WHAT THE TASK REQUIRES:
Under this line are the records; repeat exactly the lines starting at the one containing "Gewinner und Geehrte" and ending at the one containing "Listing photo id", omitting pictures.

SUPPLIED MATERIAL:
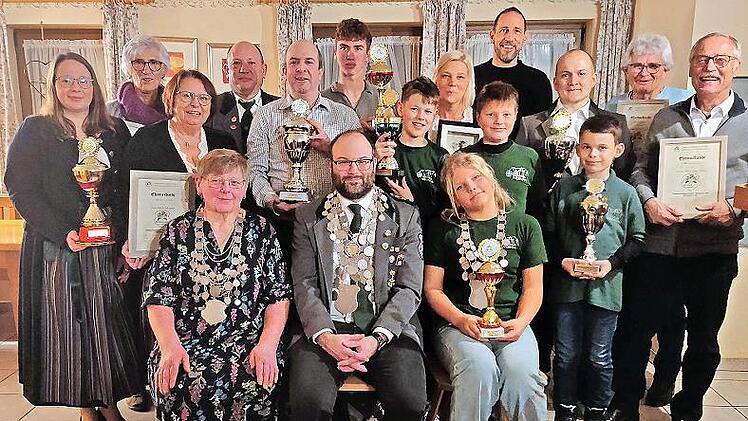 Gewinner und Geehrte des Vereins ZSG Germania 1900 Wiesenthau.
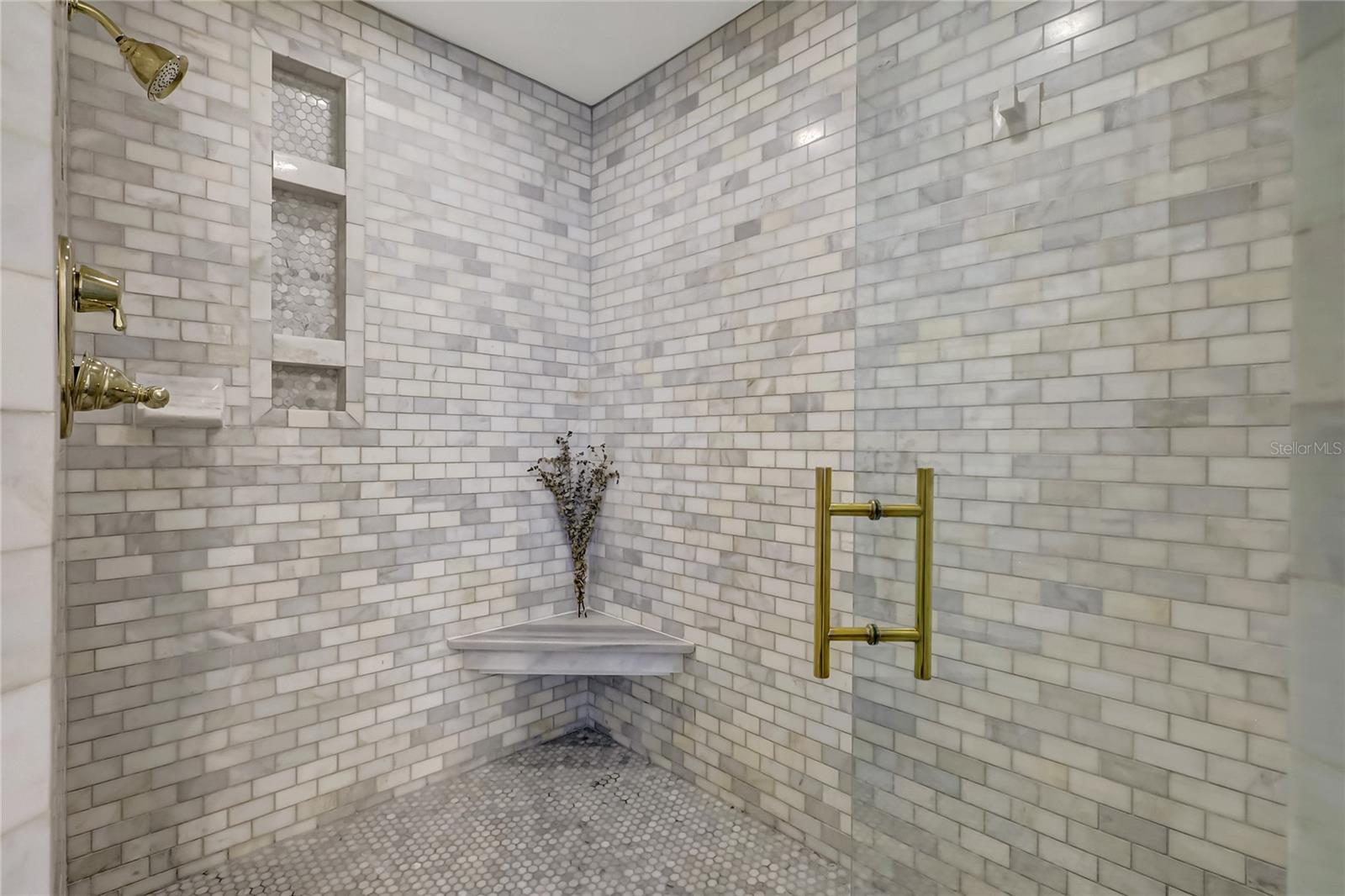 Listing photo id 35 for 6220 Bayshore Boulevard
--
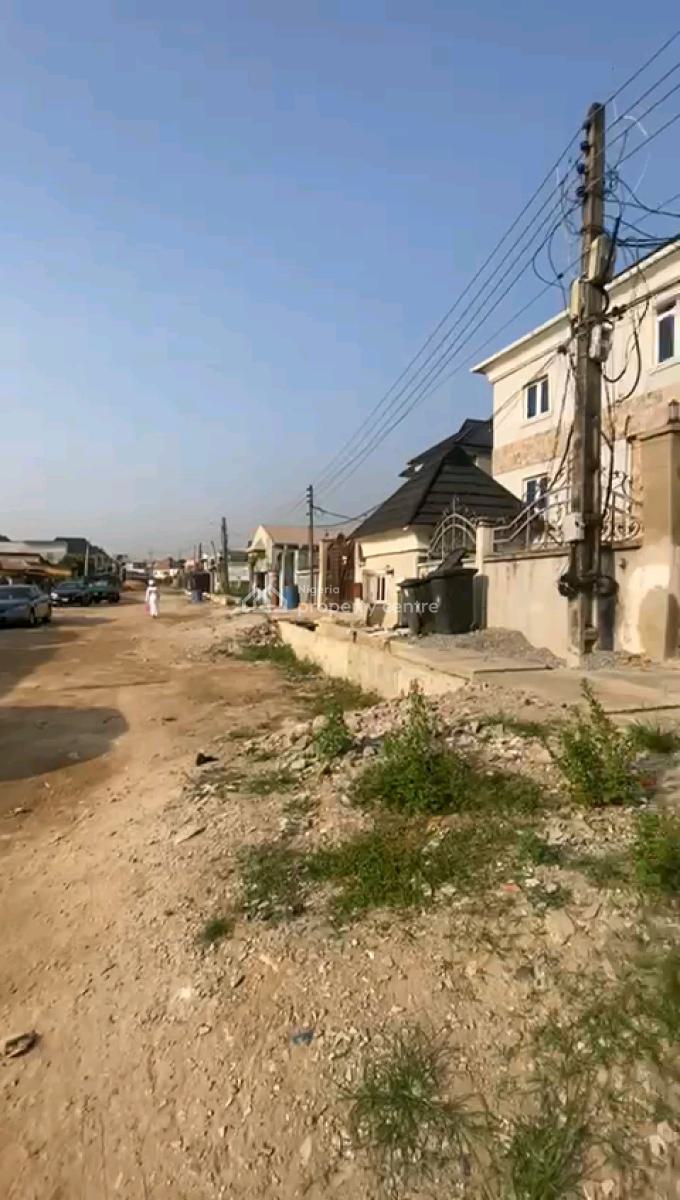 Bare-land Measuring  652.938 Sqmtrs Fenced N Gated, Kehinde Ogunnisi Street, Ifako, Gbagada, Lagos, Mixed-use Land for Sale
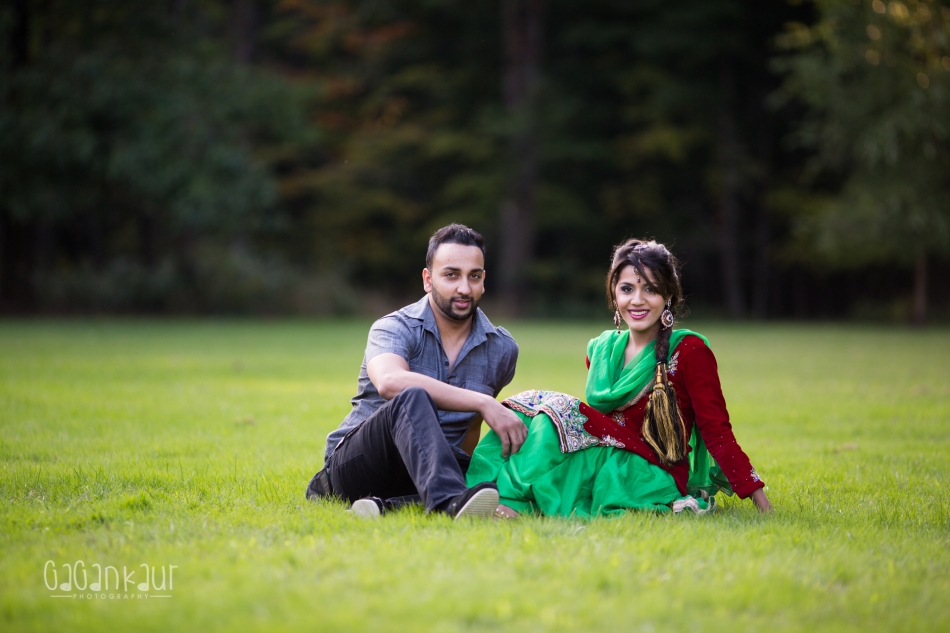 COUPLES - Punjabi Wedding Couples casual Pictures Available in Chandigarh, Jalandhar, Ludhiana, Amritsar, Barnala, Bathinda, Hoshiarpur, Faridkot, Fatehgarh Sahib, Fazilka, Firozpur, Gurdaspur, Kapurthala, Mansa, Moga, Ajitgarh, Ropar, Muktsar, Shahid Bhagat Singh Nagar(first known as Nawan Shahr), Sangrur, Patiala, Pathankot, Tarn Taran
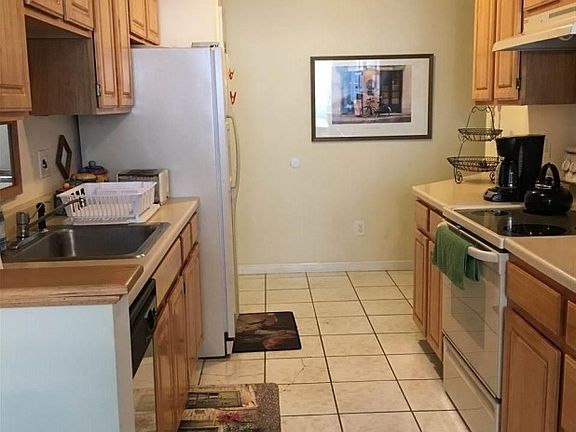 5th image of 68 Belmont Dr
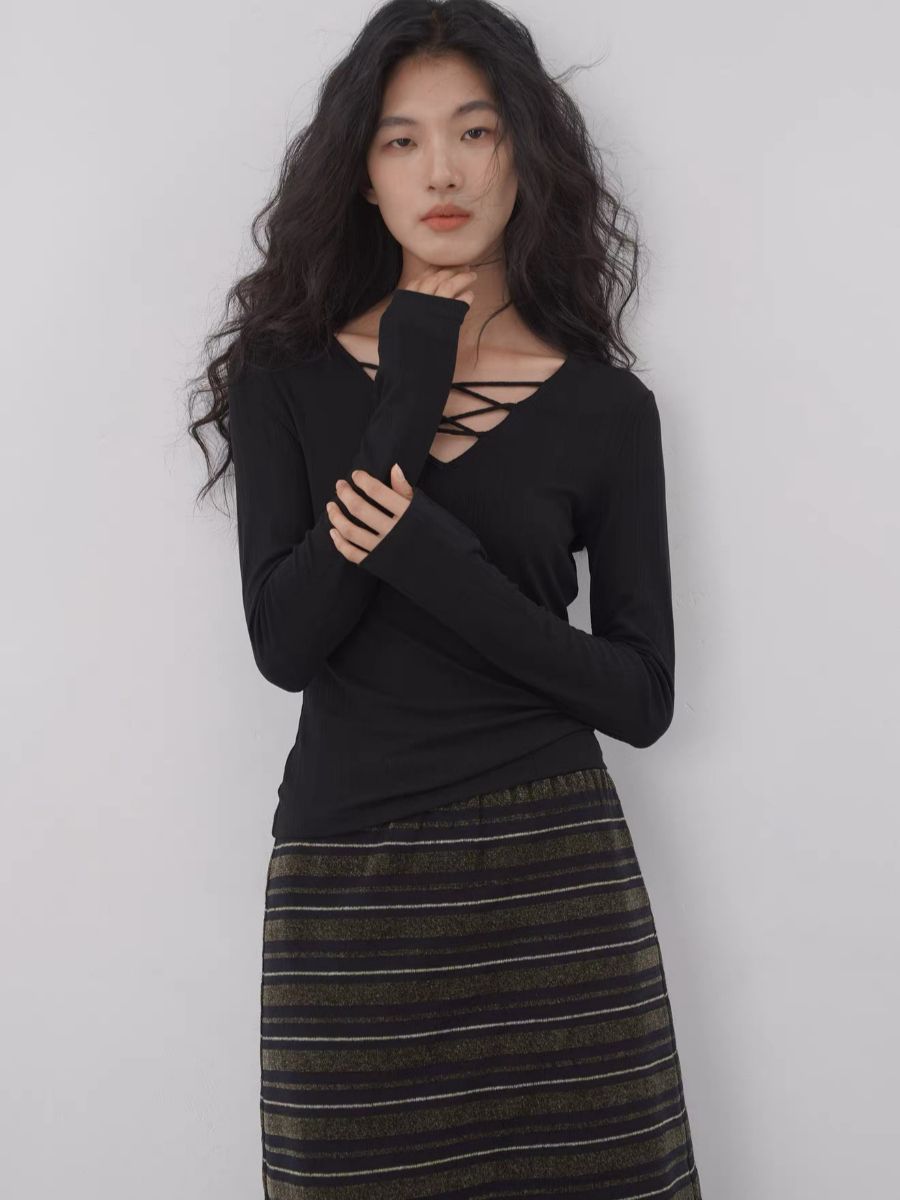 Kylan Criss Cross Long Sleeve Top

ANSWER FOR THIS EXERCISE:
 Gewinner und Geehrte des Vereins ZSG Germania 1900 Wiesenthau.
 Listing photo id 35 for 6220 Bayshore Boulevard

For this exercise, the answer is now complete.